Ensuring that network monitoring activities are proportional to the risks and are conducted with a well-defined and legitimate purpose, such as detecting insider security threats or ensuring policy compliance, has an ethical component to it as well. Seaver says to consider whether you need to communicate the purpose and extent of monitoring to employees, how to monitor computer usage in a fair and unbiased manner, how to avoid practices that could lead to discrimination or unjust treatment of individuals, and how to balance the need to monitor network activity to protect the company with respect for employees’ privacy rights.
It’s important to conduct responsible ethical hacking assessments to identify and address potential weaknesses in information systems and networks with the appropriate consents and in compliance with relevant laws and regulations. In addition, it’s vital to notify affected parties of any vulnerabilities in a timely and responsible manner and consider how long they need to address the issue before public disclosure for the greater good.
It’s often necessary to make ethical decisions when responding to cyberattacks, such as whether to engage in active defense measures, share information with law enforcement, or negotiate with attackers about ransom payments. The potential consequences and legal implications of each decision should always be considered.
“Research vulnerabilities and develop exploits, ensuring that the discovery and development are conducted ethically, with a focus on enhancing security and minimizing potential harm to individuals, organizations, and critical infrastructure,” Seaver says. “Balance the need for sharing knowledge to improve security while avoiding intentionally or inadvertently allowing malicious attackers access to high-risk exploits.”
Ethics and Cybersecurity Go Hand in Hand
Addressing potential security risks posed by employees or contractors, aka insider threats, in an ethical manner, respecting privacy rights while implementing necessary controls, and monitoring measures should all be on a professional’s checklist. Other considerations include balancing network monitoring so activities are proportionate to the risks to the company and deciding whether employees need to be informed of the monitoring, Seaver says.
“Conduct authorized security assessments and penetration tests, ensuring that these activities don’t inadvertently cause harm, violate legal guidelines, or infringe upon the rights of system owners and users,” he says. “Decide when and how to disclose discovered security vulnerabilities while considering the potential risks and benefits, such as providing affected parties time to patch [them] before public disclosure and the possibility of malicious hackers exploiting the vulnerability once disclosed.”
Cyber incidents and responses can have severe financial implications, including operational disruption, regulatory fines, and reputational damage.
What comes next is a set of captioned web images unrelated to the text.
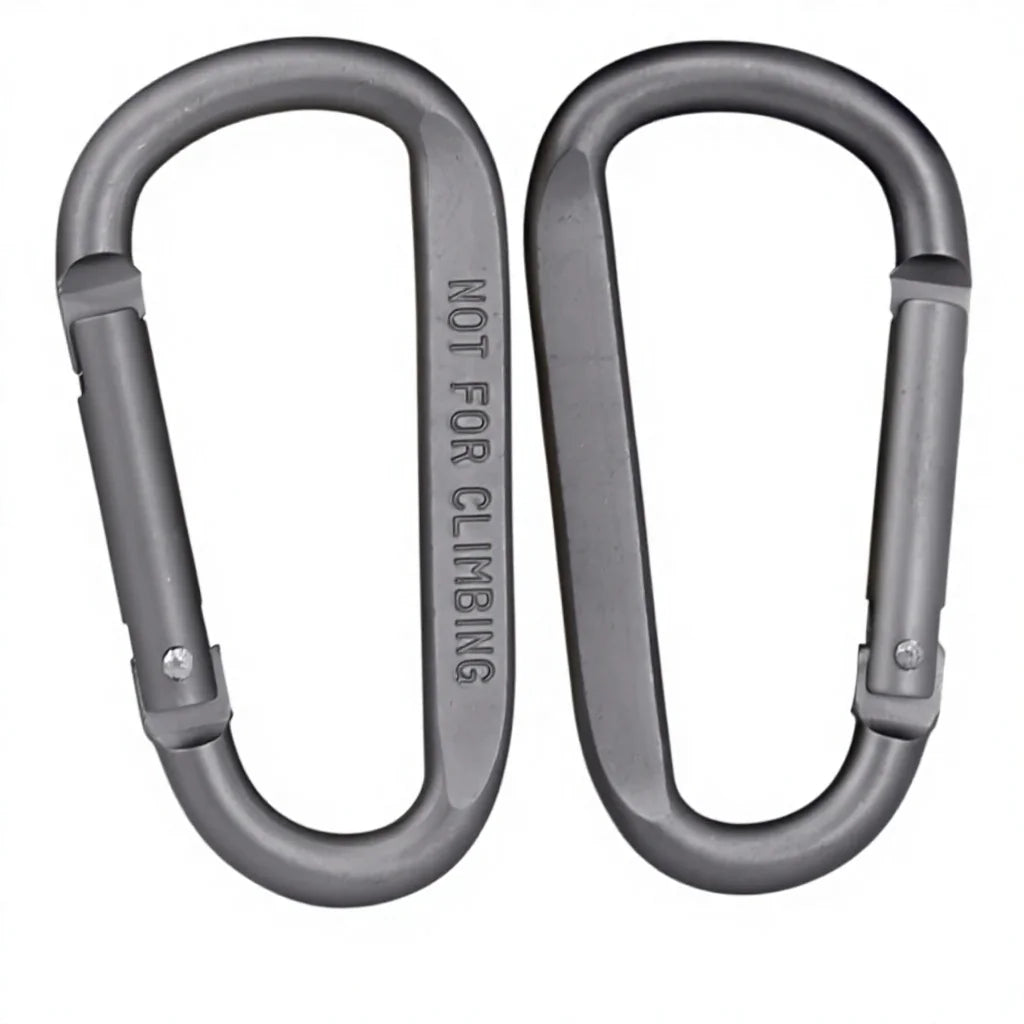 Wholesale High Quality 78 mm D-shaped Aluminum Hook Electrolytic Grey Finish Climbing Carabiner Clip With Words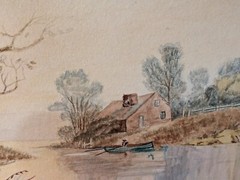 1899 Watercolour Canoe On The Old Homestead River signed M.G.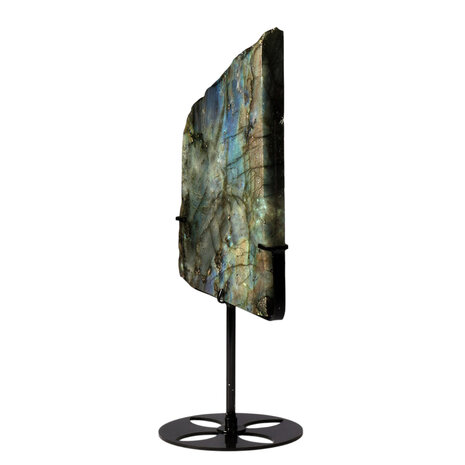 Labradoriet schijf gepolijst op standaard 21 x 12 x 1,5 cm | 1030 gram Labradoriet schijf gepolijst op standaard 21 x 12 x 1,5 cm | 1030 gram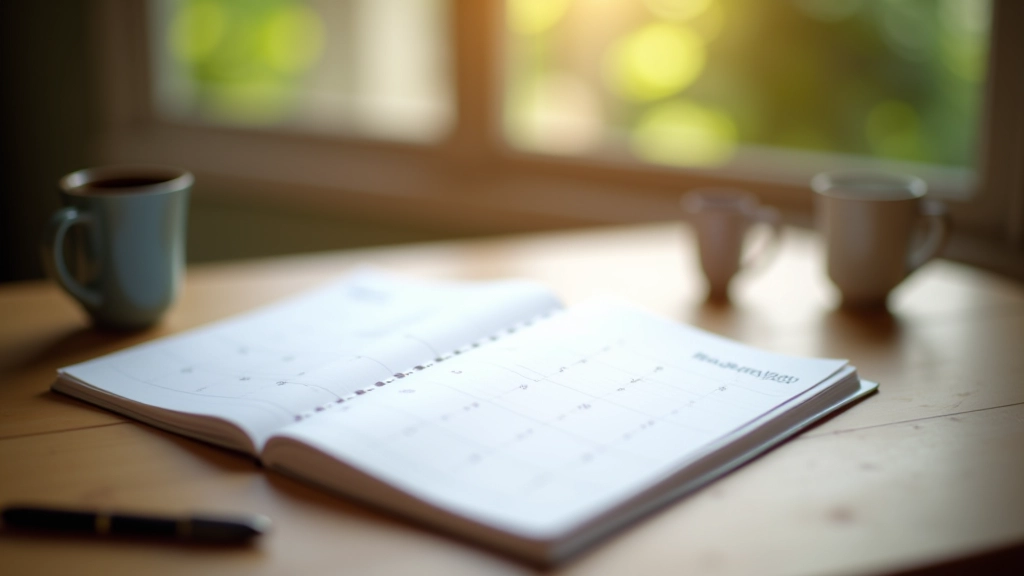 Calendario y planificador abierto en una mesa con anotaciones de horarios de visita, lápiz y taza de café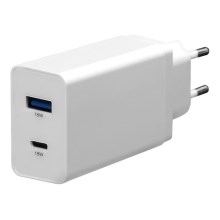 Adaptateur de charge alimentation USB-C  + USB-A 18W/230V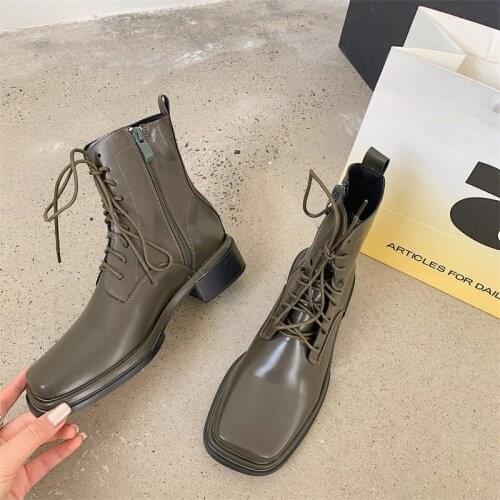 Martin Boots Womens Square Head Single Boots Breathable Fashion Summer Thin Thin Thin Boots Increase In 2021 Short Boots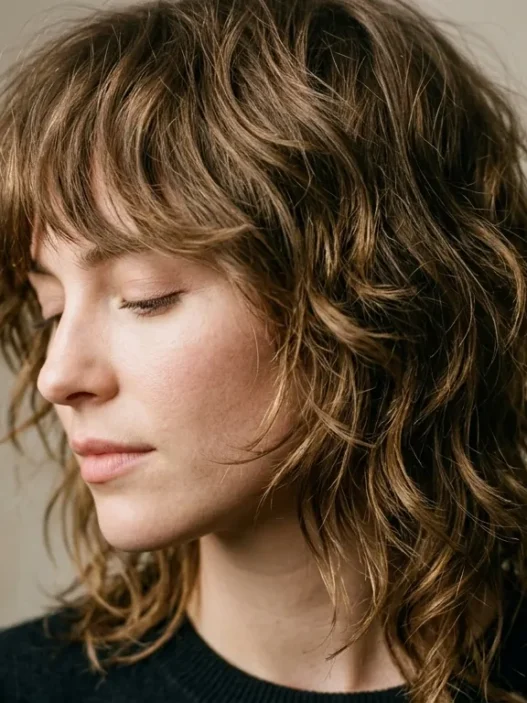 Woman with textured shag haircut and wispy bangs in editorial lighting showing layered movement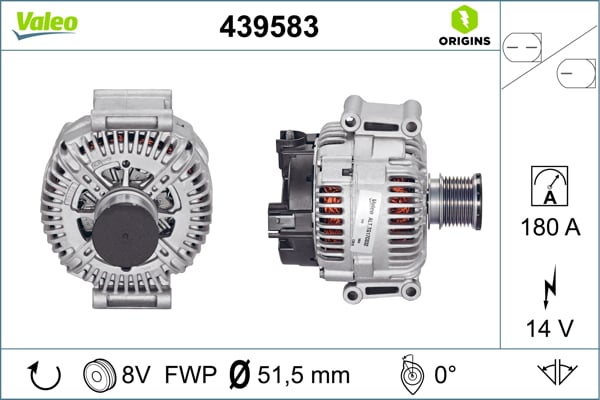 Alternator (14V, 180A) potrivit MERCEDES G (W463), GL (X164), M (W164), M (W166), R (W251, V251) 3.0D 4.0D 07.05-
The ethical challenges faced by cybersecurity professionals in managing incident response and disclosure are also relevant to finance teams, which need to consider the financial impact of a cyberattack and make difficult decisions around uncomfortable aspects of cyberattacks such as ransomware payments, Seaver notes.
“The finance function typically handles sensitive financial information and needs to work with cybersecurity professionals to ensure it’s adequately protected, including personal data privacy considerations and regulatory compliance,” he says. “The finance function is particularly susceptible to insider threats and fraud, which could lead to significant financial losses or reputational damage.”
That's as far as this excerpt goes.